===== DATASET SECTION

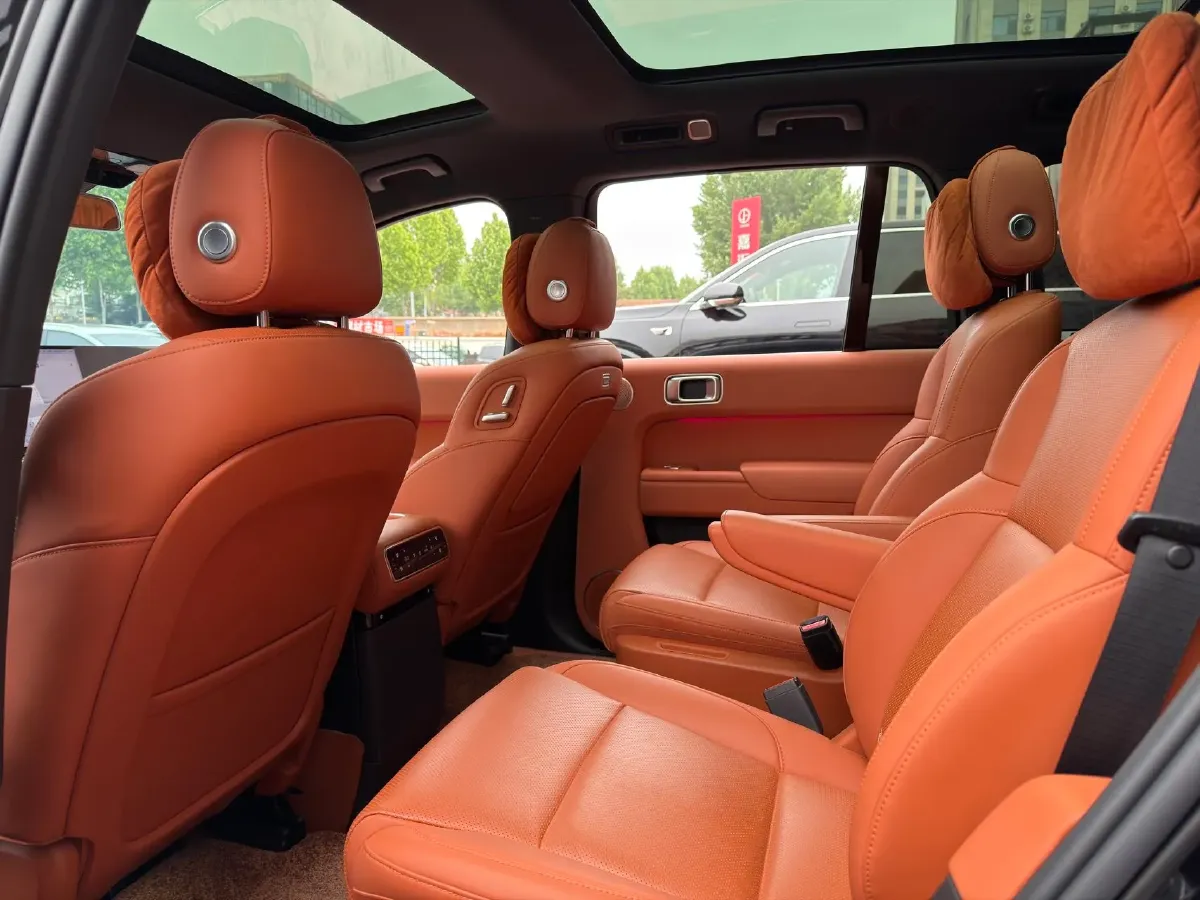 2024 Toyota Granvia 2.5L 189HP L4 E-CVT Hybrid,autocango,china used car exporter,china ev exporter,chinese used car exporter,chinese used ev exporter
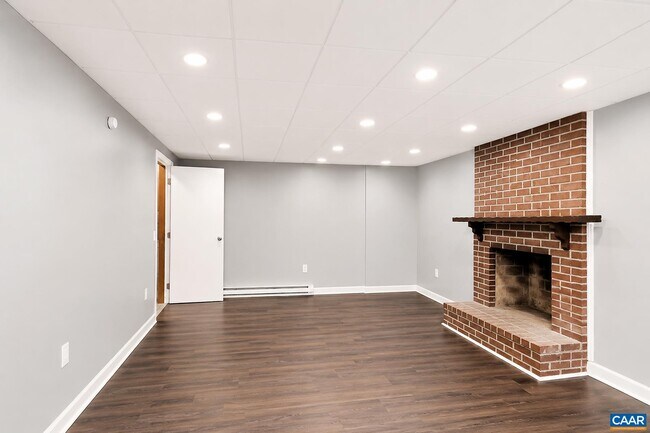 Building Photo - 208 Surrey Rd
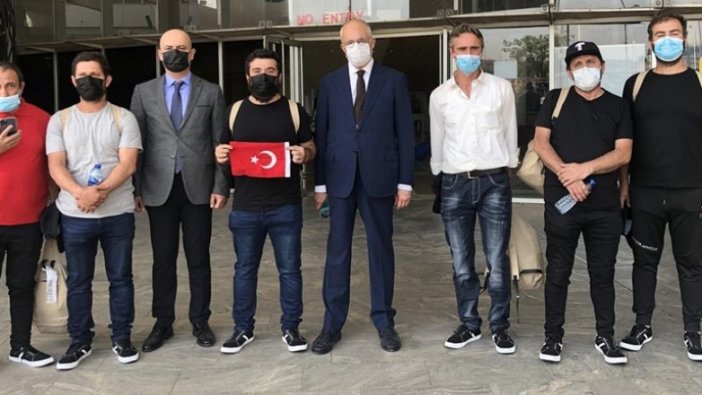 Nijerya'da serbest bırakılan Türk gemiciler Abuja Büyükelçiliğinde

==========

**PROBLEM REQUIREMENTS**. Without any pictures, return the material above exactly.

**RESULT OF THIS EXERCISE**.
 2024 Toyota Granvia 2.5L 189HP L4 E-CVT Hybrid,autocango,china used car exporter,china ev exporter,chinese used car exporter,chinese used ev exporter
 Building Photo - 208 Surrey Rd
 Nijerya'da serbest bırakılan Türk gemiciler Abuja Büyükelçiliğinde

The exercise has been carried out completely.